Provided data below:

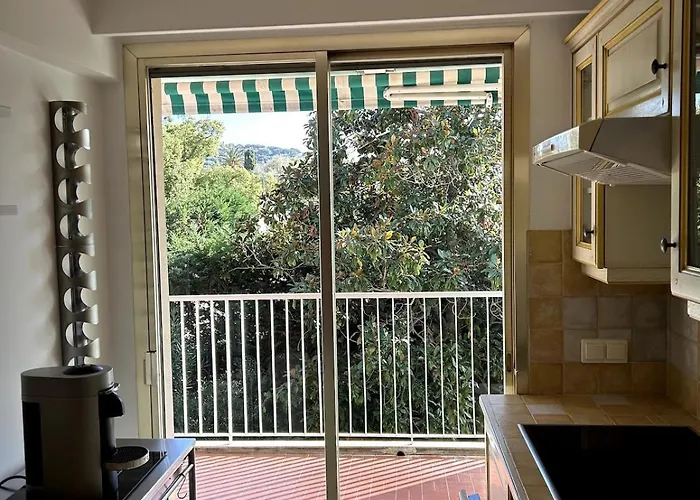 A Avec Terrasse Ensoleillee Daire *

End of Provided data.
Provided data below:

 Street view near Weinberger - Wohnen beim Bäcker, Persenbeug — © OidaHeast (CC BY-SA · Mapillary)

End of Provided data.
Provided data below:

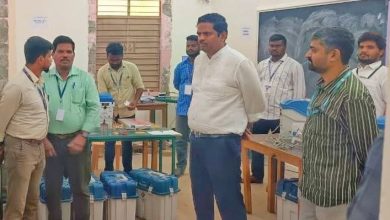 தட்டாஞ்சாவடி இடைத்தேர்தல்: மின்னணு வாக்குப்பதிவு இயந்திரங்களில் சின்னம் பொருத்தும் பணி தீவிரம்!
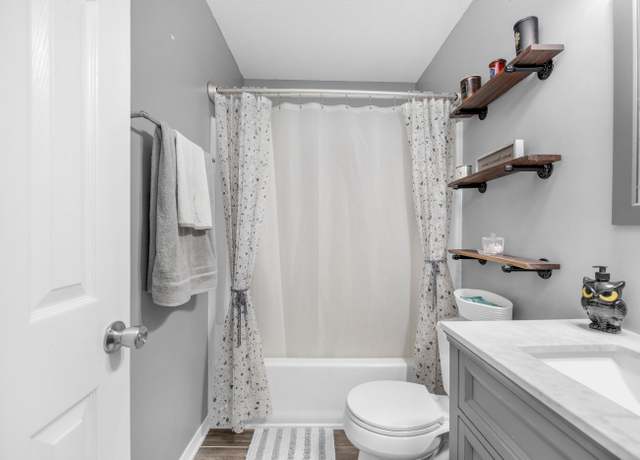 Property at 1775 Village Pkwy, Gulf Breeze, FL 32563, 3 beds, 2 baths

End of Provided data.

## What you have to do
Where a picture appears in the records above, omit it, and transcribe exactly the stretch of lines from the one with "தட்டாஞ்சாவடி இடைத்தேர்தல்: மின்னணு" through the one with "Property at 1775".

## Exercise answer
 தட்டாஞ்சாவடி இடைத்தேர்தல்: மின்னணு வாக்குப்பதிவு இயந்திரங்களில் சின்னம் பொருத்தும் பணி தீவிரம்!
 Property at 1775 Village Pkwy, Gulf Breeze, FL 32563, 3 beds, 2 baths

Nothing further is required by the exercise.